■ **YOUR TASK**:
The material below holds pictures; leave them out and reproduce exactly the lines from the one with "yladoyla Onlyfans Photo Gallery" through the one with "Photo of property", inclusive.

■ **DATA SECTION**:
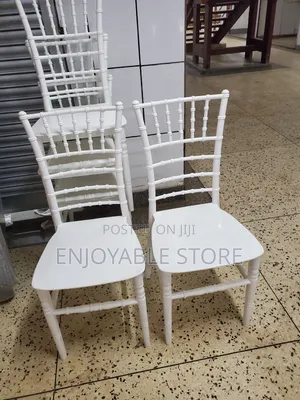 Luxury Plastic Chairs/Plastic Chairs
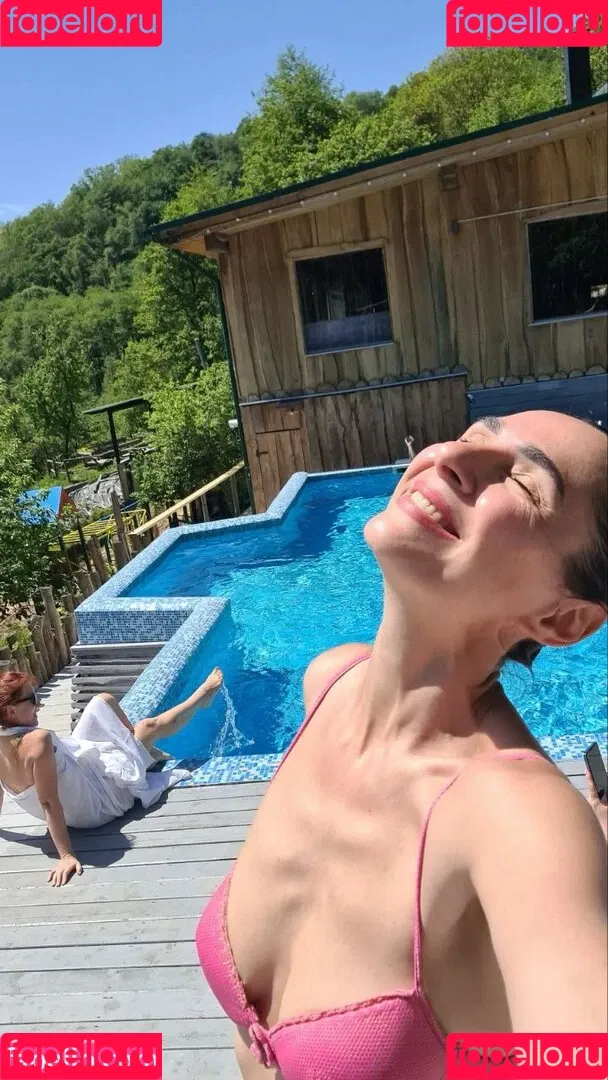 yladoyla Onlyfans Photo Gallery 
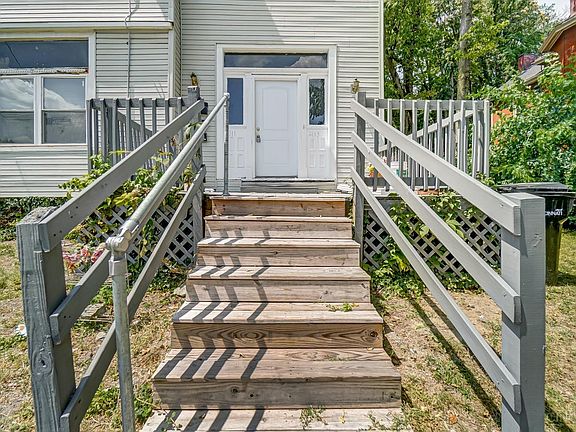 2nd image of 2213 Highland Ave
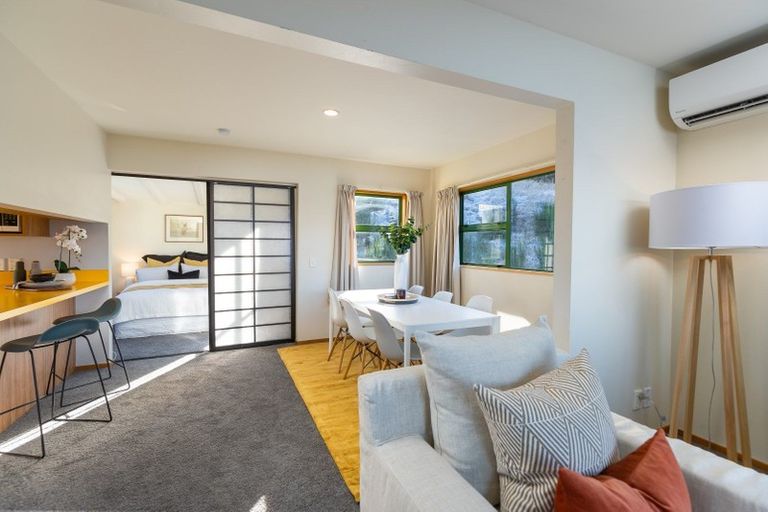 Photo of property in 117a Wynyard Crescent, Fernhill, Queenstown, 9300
* * *
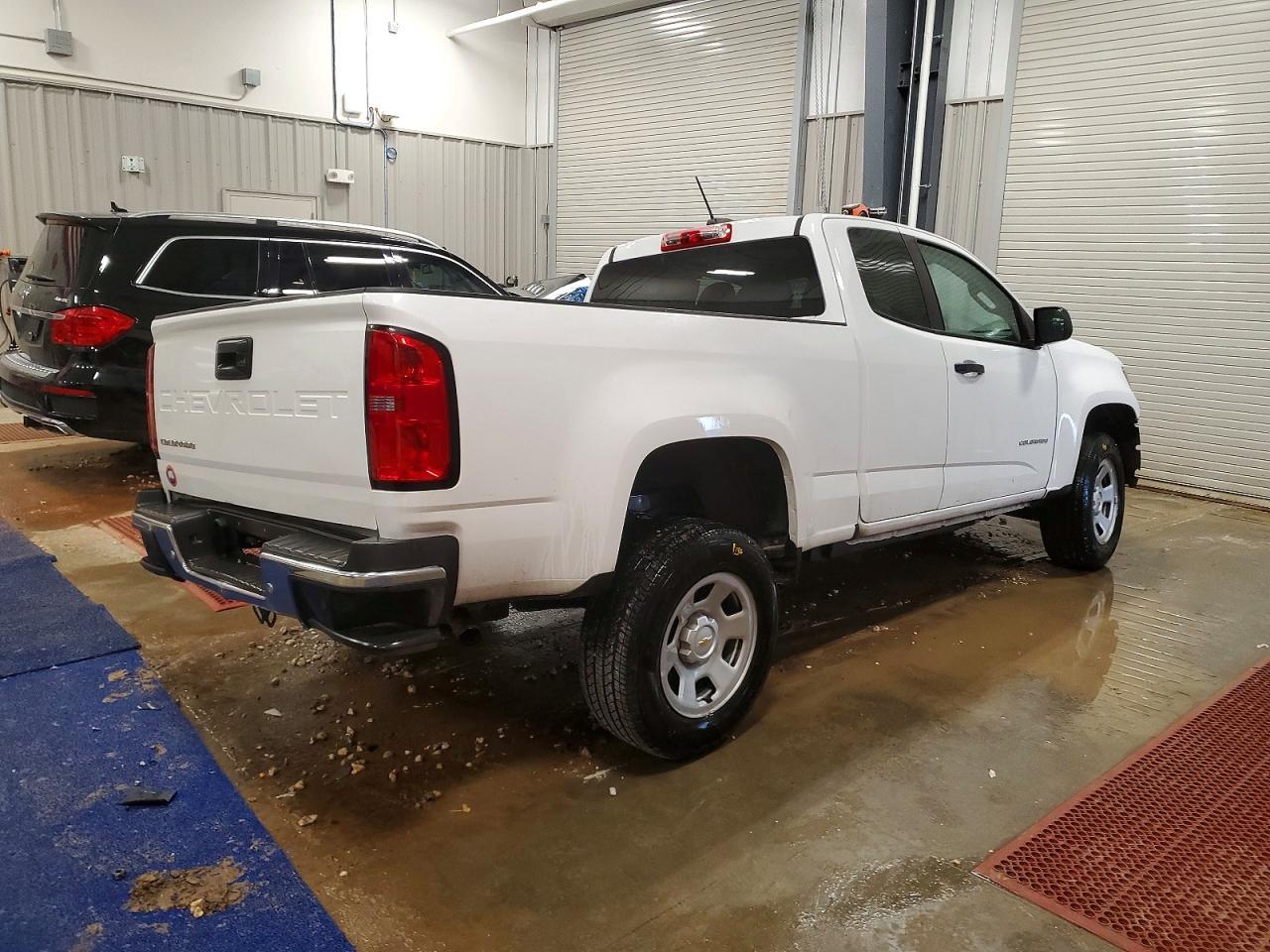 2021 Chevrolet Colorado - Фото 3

■ **TASK RESPONSE**:
 yladoyla Onlyfans Photo Gallery 
 2nd image of 2213 Highland Ave
 Photo of property in 117a Wynyard Crescent, Fernhill, Queenstown, 9300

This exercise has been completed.